Suisse/armée : le peuple votera le 18 mai sur l'achat des Gripen

Les Suisses voteront le 18 mai sur le financement de l'achat de 22 avions de combat Gripen, comme l'ont réclamé la gauche, des militants écologistes et des antimilitaristes, a annoncé mercredi la Chancellerie fédérale à Berne.

Les opposants à ce projet ont en effet réussi à recueillir le nombre de signatures nécessaires pour l'organisation d'un référendum à ce sujet, une possibilité prévue dans le système de démocratie directe en Suisse.

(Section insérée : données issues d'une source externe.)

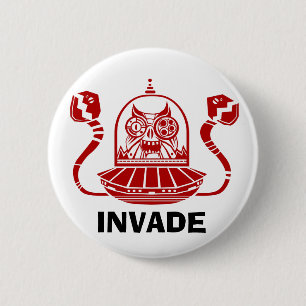 Badge Rond 5 Cm ENVAHISSEZ le bouton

La gauche, soutenue par une partie du centre et par les Verts, est à l'origine de ce référendum, car elle refuse que le gouvernement dépense 3,126 milliards de francs suisses (2,6 milliards d'euros) pour cet achat d'avions de combats, destiné à renouveler une partie de la flotte aérienne militaire suisse, obsolète.

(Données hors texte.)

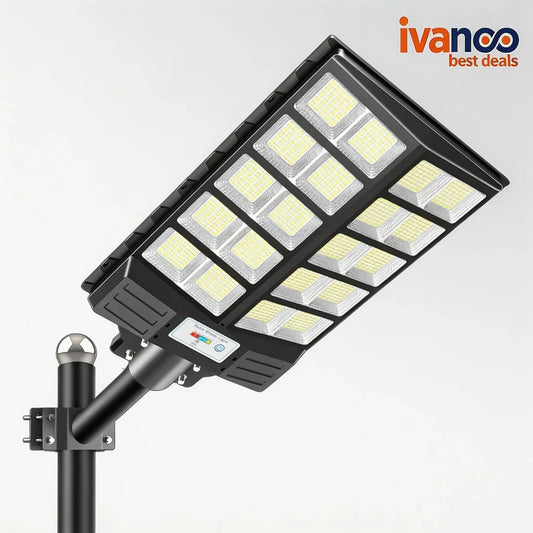 Street light with multiple LED lights on a white background, featuring the brand 'ivanco'.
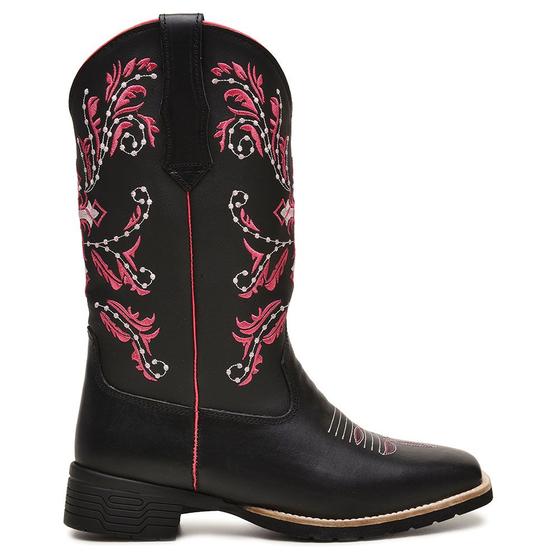 Imagem de Bota Texana Feminina Country Desenho Cruz Bordado em Folhas Lançamento Luxuosa Quentinha Confortável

Le gouvernement a prévu de financer cette acquisition en ponctionnant chaque année 300 millions de francs suisses sur le budget de l'armée.

En 2011, le gouvernement a décidé de procéder à cette acquisition de 22 Gripen du constructeur suédois Saab, décision validée ensuite par le Parlement suisse.

Du fait du vote parlementaire, les opposants ne peuvent s'opposer directement à la commande. Ils ont choisi de rejeter la loi prévoyant son financement.

Les opposants dénoncent également le fait que la version du Gripen retenue est encore en cours de mise au point et n'existe pas.

Les Gripen doivent remplacer en Suisse les Northrop F-5E/F Tiger américains vieux de plus de 30 ans.

Ils ne devraient pas être livrés avant 2018.

La Suisse avait décidé de choisir le Gripen, aux détriments du Rafale français de Dassault et de l'Eurofighter du groupe EADS.

La semaine dernière, deux événements importants sur le plan international se sont tenus en Suisse au même moment, le Forum de Davos et la Conférence de Genève II sur la Syrie à Montreux.

La Suisse a été ainsi obligée de réarmer les F-5E/F Tiger de la Patrouille acrobatique suisse, pour assurer la sécurité des deux événements, car les 32 avions de combats F/A-18, le fer de lance de son aviation, n'étaient pas en nombre suffisant pour assurer cette couverture aérienne nuit et jour.